During the year ended January 31, 2026, the Company assumed deferred revenue liabilities of $7.7 million in connection with acquisitions and recognized $4.0 million of revenue that was included in the deferred revenue balances as of January 31, 2025. During the year ended January 31, 2025, the Company recognized $0.2 million of revenue that was included in deferred revenue at the beginning of the period.
As of January 31, 2026, the aggregate amount of the transaction price allocated to performance obligations that were unsatisfied or partially unsatisfied was approximately $18.7 million. The Company expects to recognize approximately $14.2 million of the remaining performance obligations as revenue over the next 12 months, which primarily relates to platform solutions performance obligations. The remaining balance of approximately $4.5 million relates primarily to subscription contracts and is expected to be recognized as revenue primarily over the next 36 months. These amounts represent Management’s estimates of revenue expected to be recognized in future periods and are subject to change, including as a result of contract modifications, terminations, or changes in scope.
Significant Payment Terms
The Company enters into contracts that are typically one year in length or less with payments required up front on either an annual or monthly basis. The Company has applied the practical expedient to not adjust the consideration for the effects of a significant financing component because the period between the transfer of the promised service and the payment is one year or less. For contracts that extend beyond 12 months, the Company delivers its services once it receives up-front payment, thus not meeting the definition of a significant financing component.
In most cases, contracts are non-cancelable, and consideration paid for services that customers purchase from the Company is non-refundable. Therefore, at the time revenue is recognized, the Company does not estimate expected refunds for services, nor does the Company exclude any such amounts from revenue.
Costs to Obtain Revenue Contracts
As a practical expedient, the Company recognizes the incremental costs of obtaining contracts, such as sales commissions, as expenses when incurred if the amortization period is one year or less.
About Revenue Disclosures
Revenue disclosures under ASC 606 explain how a company identifies performance obligations, allocates transaction prices, and determines when revenue is recognized. This section is essential for understanding whether reported revenue reflects genuine economic activity or aggressive accounting choices. Analysts examine the mix of point-in-time versus over-time recognition, which directly affects revenue timing and comparability.
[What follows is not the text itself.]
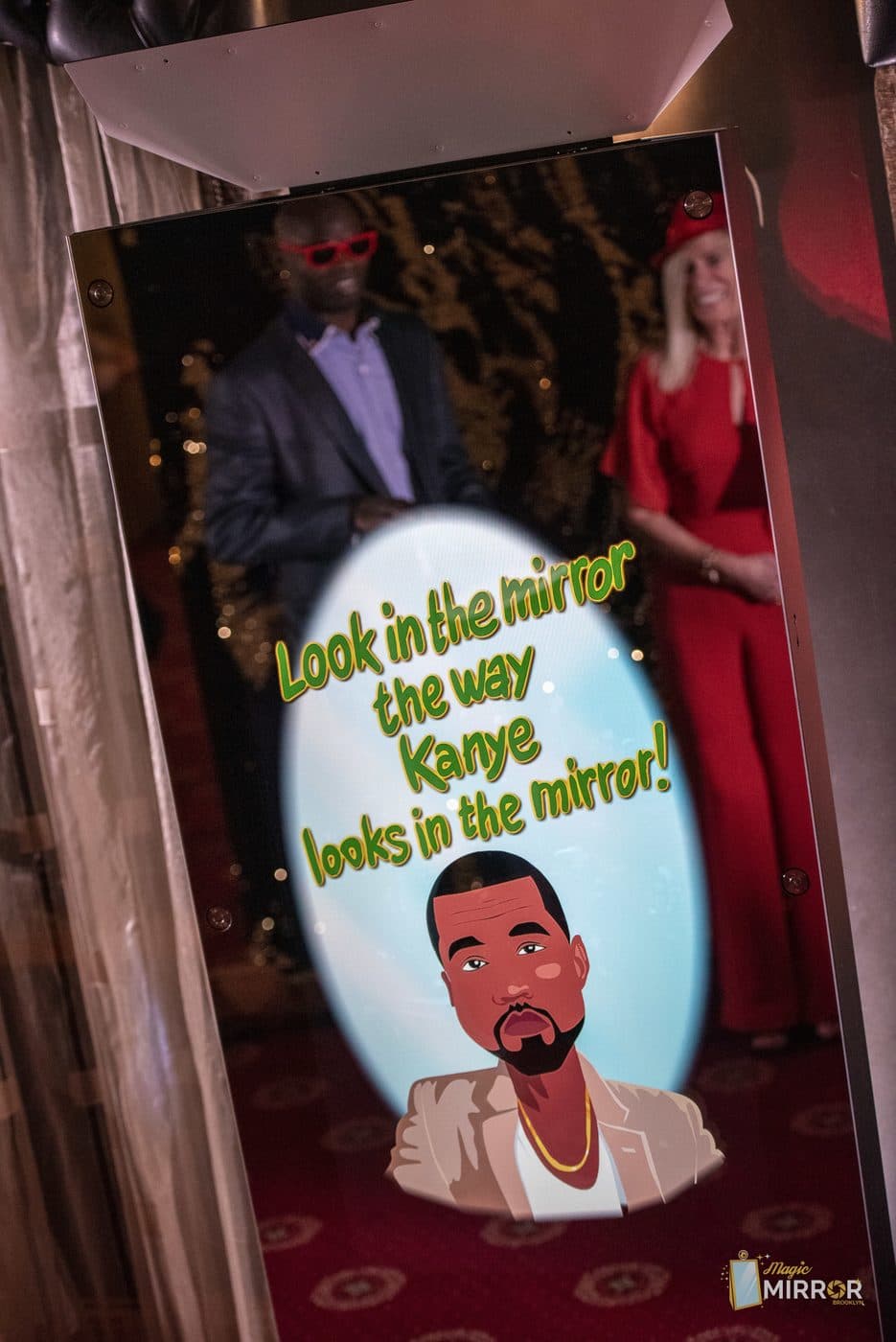 Couple taking a photo at the mirror booth during a tri-state area wedding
Key signals: rising contract liabilities (deferred revenue) suggest strong future revenue visibility, while declining contract assets may indicate slowing project milestones. Watch for variable consideration estimates — rebates, returns, and performance bonuses that require management judgment. Significant changes in disaggregated revenue by geography or product line can reveal shifting business mix before it appears in headline numbers. Compare revenue growth against contract liability growth to assess sustainability, and scrutinize any changes in the timing of recognition that coincide with earnings pressure.